И если во времена Сулержицкого атмосфера студии имела несколько «монастырский» оттенок, смешной, ненужный и даже вредный сейчас, — самую сущность трудовой этики — ответственность каждого перед всеми — необходимо сохранить и в современном театре. Ведь дисциплина актера — бойца идеологического фронта — стала близкой к боевой дисциплине. Советский актер не смеет демобилизовываться до тех пор, пока в строю, то есть до тех пор, пока он участвует в спектакле.
Архаичен стиль Сулержицкого, но то, что он требовал от своих учеников не рассеиваться на работе, не расхлестываться во время спектакля, должно быть и нашим требованием к любому современному актеру. Сцена — передний край. Кулисы — тыл.
Смешными могли быть отдельные крайности тогдашнего нашего поведения на сцене, но самая сущность профессиональной этики, нашего отношения к творчеству во многом была правильной.
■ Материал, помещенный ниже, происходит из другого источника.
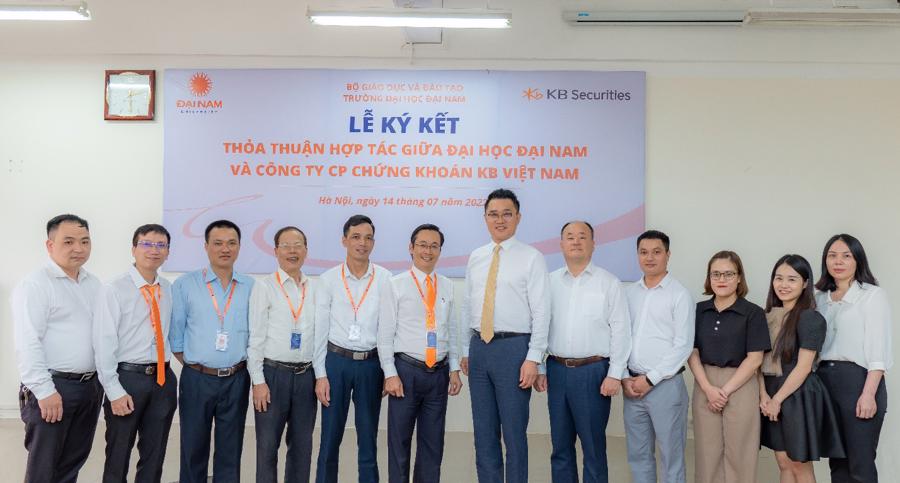 Chứng khoán KB Việt Nam và Đại học Đại Nam ký kết hợp tác dài hạn - Ảnh 1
Я не зову нынешнюю театральную молодежь во всем подражать нам — тогдашним. Во многих из нас (я говорю о студийках- актрисах) была, вероятно, излишняя восторженность, неприятная, потому что излишняя. Некоторые из нас целовали втихомолку декорации Художественного театра, прикладывались к надписям «левая сторона», «правая сторона» и прощались (в буквальном смысле слова) со стенами театра, уезжая в отпуск. Все это было наивно. Пусть нынешние молодые приверженность свою искусству выразят по-своему и в новых формах. Но есть такие законы искусства и отношения к труду, которые молодым актерам нельзя забыть. Взрослые актеры пусть встречают молодых, пусть переведут их за руку через порог сцены, пусть благословят на пожизненный труд, дающий минуты вдохновения, пусть помогают их росту, как делали это Станиславский и Сулержицкий.
<...>
Бирман С. Г. Воспоминания о Л. А. Сулержицком // Сулержицкий Л. А. Повести и рассказы. Статьи и заметки о театре. Переписка. Воспоминания о Л. А. Сулержицком. М.: Искусство, 1970. C. 613-620.